#### WHAT YOU SHOULD DO
Instruction for the listing below: copy exactly, and only, the lines from the one holding "Lighted White Nativity Scene" through its last line, omitting any picture.

#### SOURCE DATA
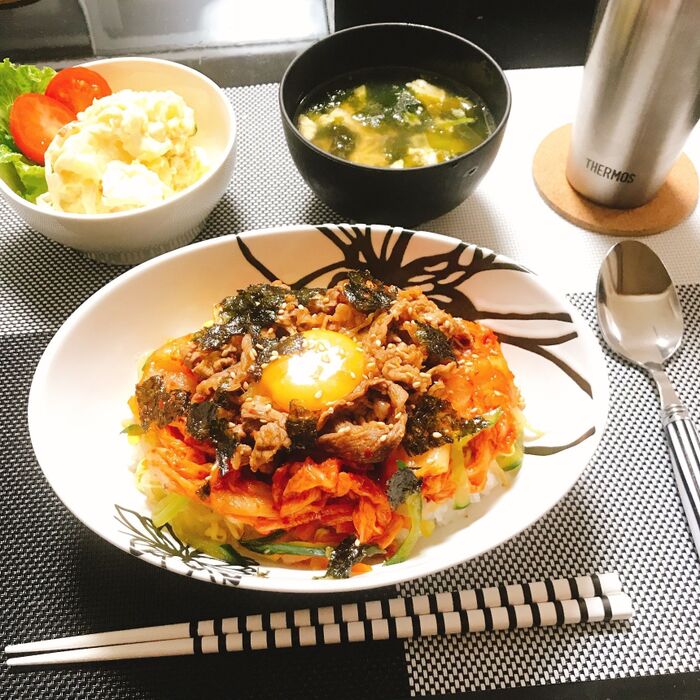 簡単! 子供もパパも大好き♡ ビビンバ丼!!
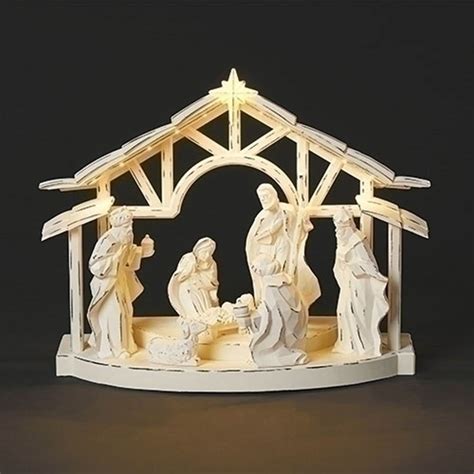 Lighted White Nativity Scene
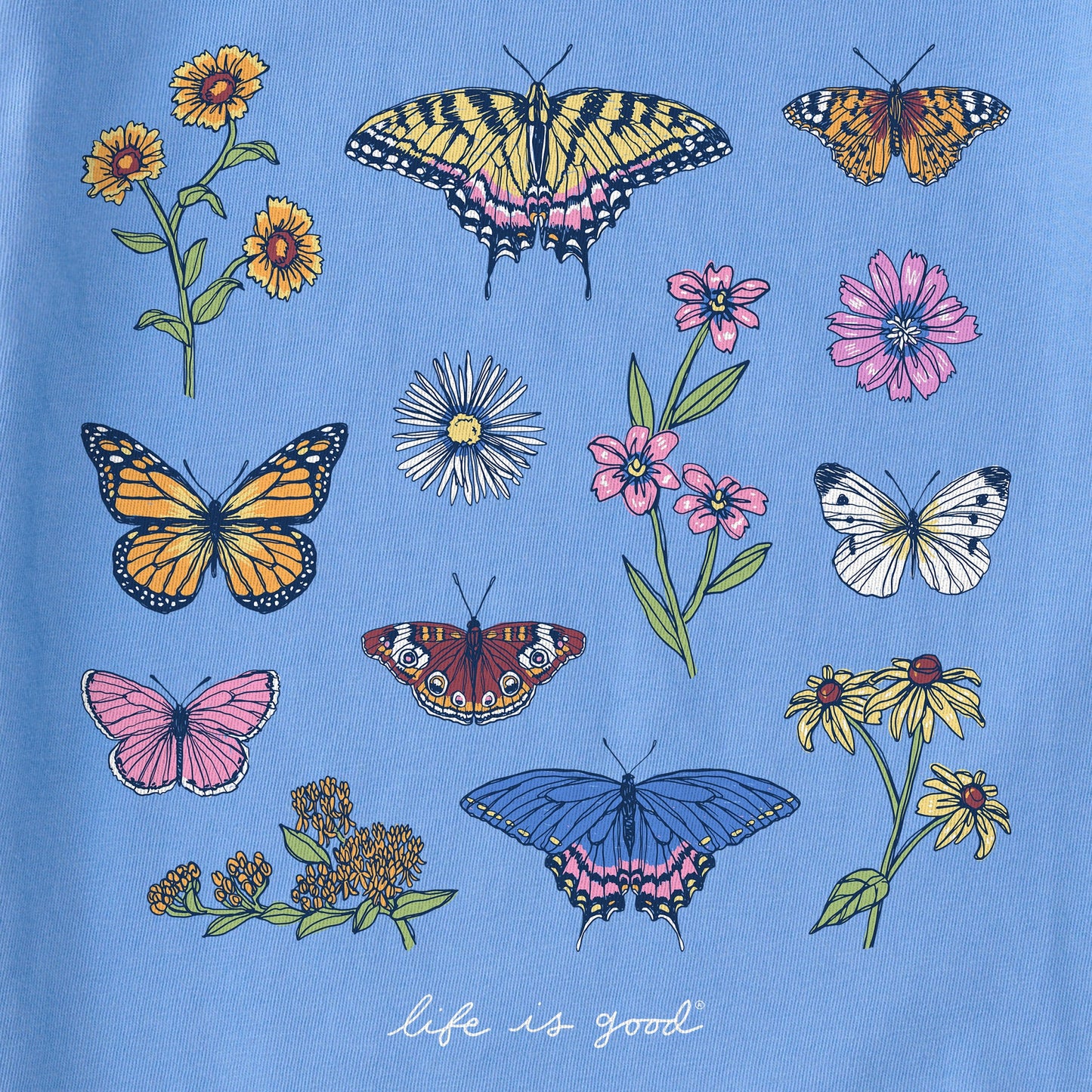Women's Butterflies and Wildflowers Short Sleeve Crusher Boxy Tee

#### RESPONSE BOX
 Lighted White Nativity Scene
Women's Butterflies and Wildflowers Short Sleeve Crusher Boxy Tee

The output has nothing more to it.